After taking limits, the contribution from the vertical sides is
$$
\begin{align}
i\int_0^\infty f(iy+\pi/2)\,dy -i\int_0^\infty f(iy - \pi/2)\,dy = i\pi\int_0^\infty\log^3{(1-e^{-2y})}\,dy. \tag{3}
\end{align}
$$
Now for $x$ between $-\pi/2$ and $\pi/2$, the quantity $2\cos{x}$ is positive. This means that the unique value of $\arg{(2e^{ix}\cos{x})}$ which lies between $-\pi$ and $\pi$ is simply $x$. As we have chosen the principle branch, we obtain $\log{(2e^{ix}\cos{x})} = \log{(2\cos{x})}+ix$. Therefore the contribution from the lower horizontal side may be written
$$
\int_{-\pi/2}^{\pi/2} f(x)\,dx = \int_{-\pi/2}^{\pi/2}x\left(\log{(2\cos{x})} + ix\right)^3\,dx. \tag{4}
$$
By the preceding analysis, $(3)$ and $(4)$ sum to zero. Since $(3)$ is purely imaginary, this means in particular that the imaginary part of $(4)$ is equal to the negative of $(3)$. The last statement is equivalent to $(1)$.

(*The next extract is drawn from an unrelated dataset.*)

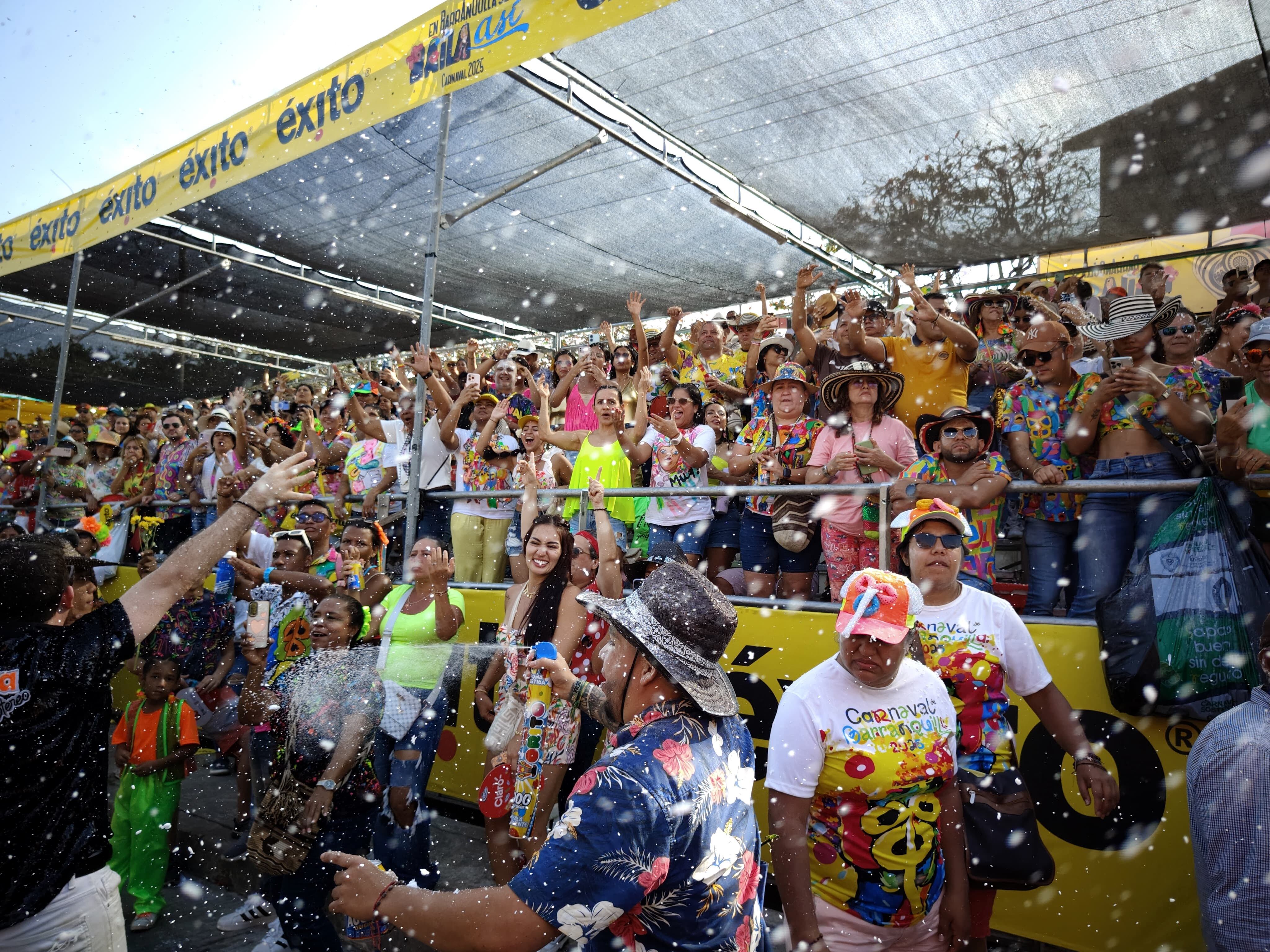 El carnaval de Barranquilla con  Batalla de flores dio inicio oficial a cuatro días de cultura, colorido, tradición, pero sobre todo una "gozadera total" para propios y extraños que en esta ocasión presentó una participación a  de 20 carrozas y estuvo a reventar en todo su recorrido por  la vía 40. foto José L Guzmán. El País.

Because I have spent quite some time with this question, I would like to make a few remarks in the direction of a generalization. By taking $g(z) = p(z) \log^m(1+e^{2iz})$ in place of $f(z)$ above, where $p(z)$ is a polynomial and $m \in \mathbb N$, one finds by repeating the same arguments that
$$
\begin{align}
\int_{-\pi/2}^{\pi/2} p(x)&\left(\log{(2\cos{x})} + ix\right)^m\,dx \\
&= -i \int_0^\infty \left(p(iy + \pi/2)-p(iy - \pi/2)\right)\log^m{(1-e^{-2y})}\,dy. \tag{5}
\end{align}
$$
Clever choices of $p$ and $m$ then furnish a number of integral and series identities. Moreover, the identities
$$
\int_0^\infty y^n \log{(1-e^{-2y})}\,dy = -\frac{1}{2^{n+1}}\Gamma(n+1)\zeta(n+2) \tag{6}
$$
and
$$
\int_0^\infty \log^m{(1-e^{-2y})}\,dy = \frac{(-1)^{m}}{2}\int_0^\infty \frac{y^m}{e^y - 1}\,dy = \frac{(-1)^m}{2}\Gamma(m+1)\zeta(m+1) \tag{7}
$$
provide a connection between the integrals on the left-hand side of $(5)$ and the values taken by $\zeta$ at positive integers $n\geq2$. Here $(6)$ is derived by expanding $\log{(1-e^{-2y})}$ in powers of $e^{-2y}$ while $(7)$ is derived in the same way as $(2)$.